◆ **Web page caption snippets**
=======
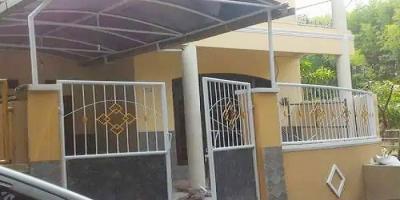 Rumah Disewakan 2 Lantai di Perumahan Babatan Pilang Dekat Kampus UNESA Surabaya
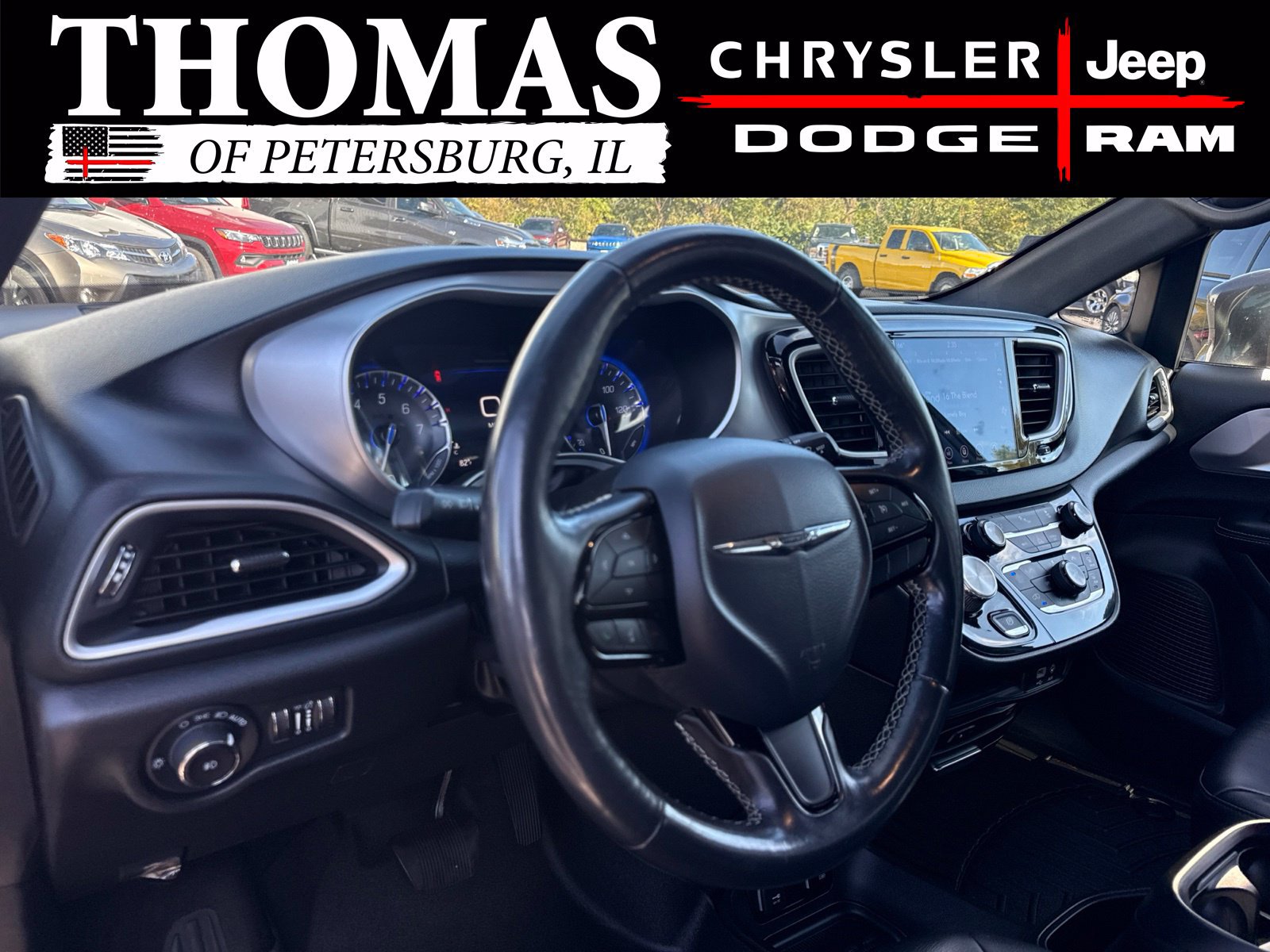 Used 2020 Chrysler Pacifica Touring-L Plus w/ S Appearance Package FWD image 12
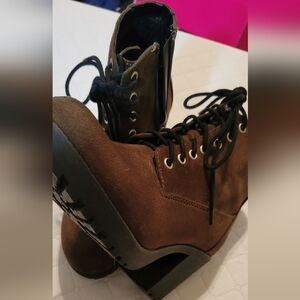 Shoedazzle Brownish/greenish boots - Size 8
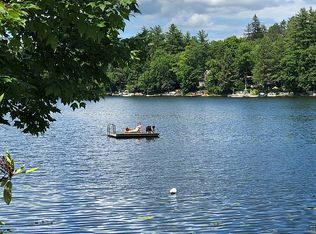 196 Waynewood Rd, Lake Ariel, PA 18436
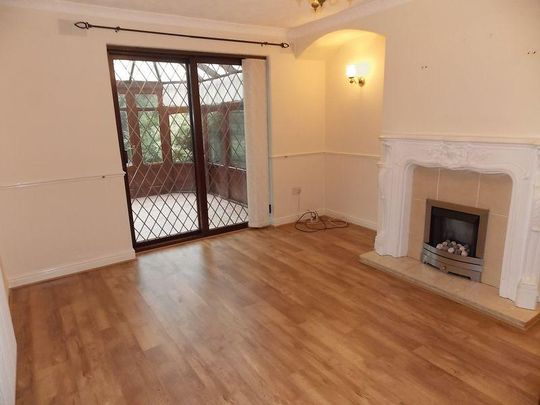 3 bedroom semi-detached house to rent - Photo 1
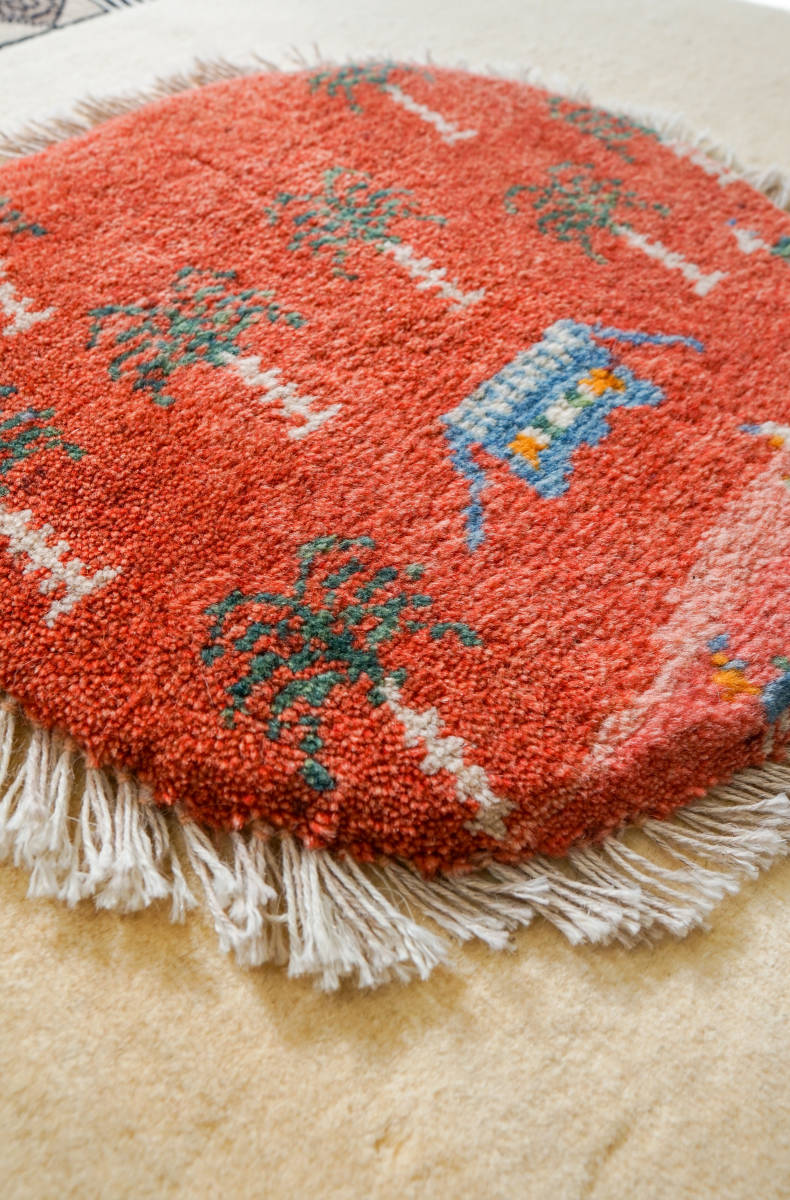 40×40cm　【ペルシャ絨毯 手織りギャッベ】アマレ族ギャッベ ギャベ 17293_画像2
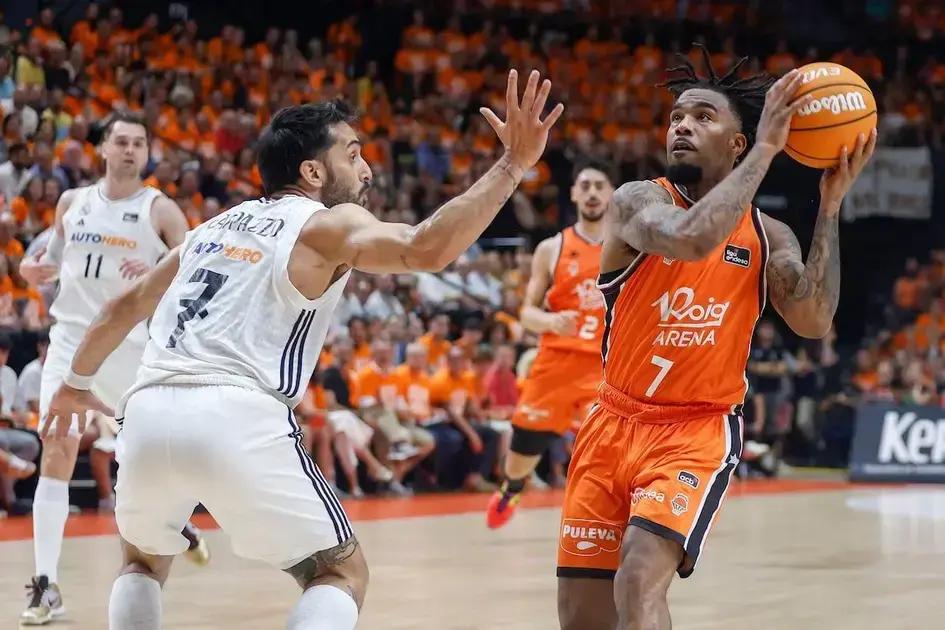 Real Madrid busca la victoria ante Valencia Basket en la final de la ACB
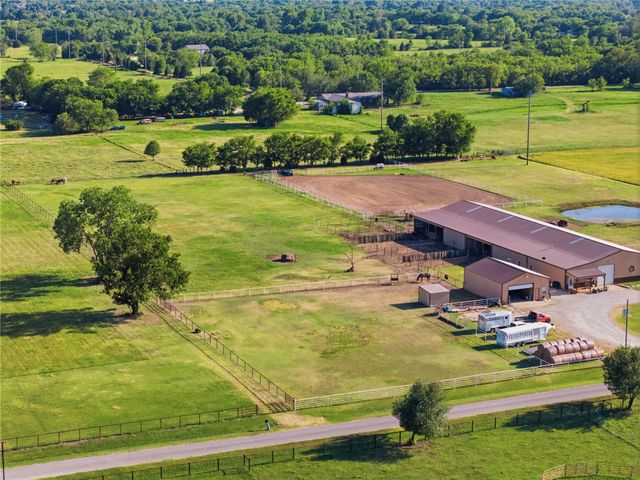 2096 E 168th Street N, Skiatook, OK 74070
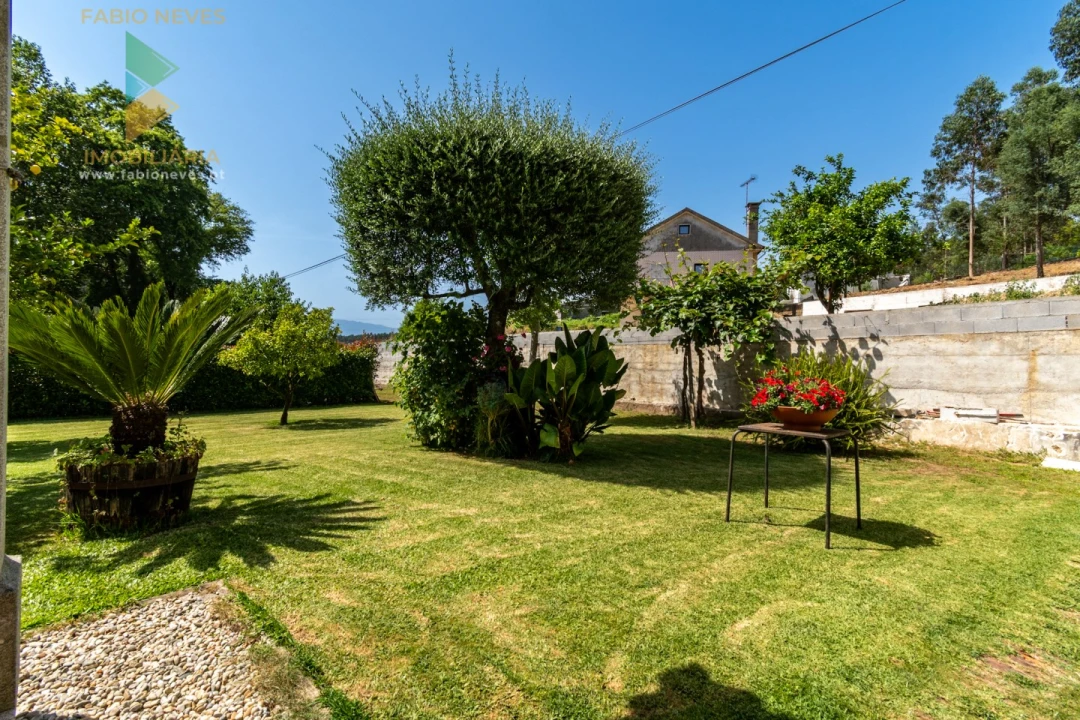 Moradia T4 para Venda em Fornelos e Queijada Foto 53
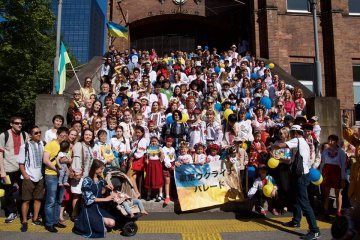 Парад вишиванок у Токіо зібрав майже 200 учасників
=======
◆ **What needs to be done**
When you transcribe the entries above, begin at their first line, end with the line containing "40×40cm　【ペルシャ絨毯 手織りギャッベ】アマレ族ギャッベ ギャベ", and copy each line exactly without any picture.

◆ **Problem solution**
 Rumah Disewakan 2 Lantai di Perumahan Babatan Pilang Dekat Kampus UNESA Surabaya
 Used 2020 Chrysler Pacifica Touring-L Plus w/ S Appearance Package FWD image 12
 Shoedazzle Brownish/greenish boots - Size 8
 196 Waynewood Rd, Lake Ariel, PA 18436
 3 bedroom semi-detached house to rent - Photo 1
 40×40cm　【ペルシャ絨毯 手織りギャッベ】アマレ族ギャッベ ギャベ 17293_画像2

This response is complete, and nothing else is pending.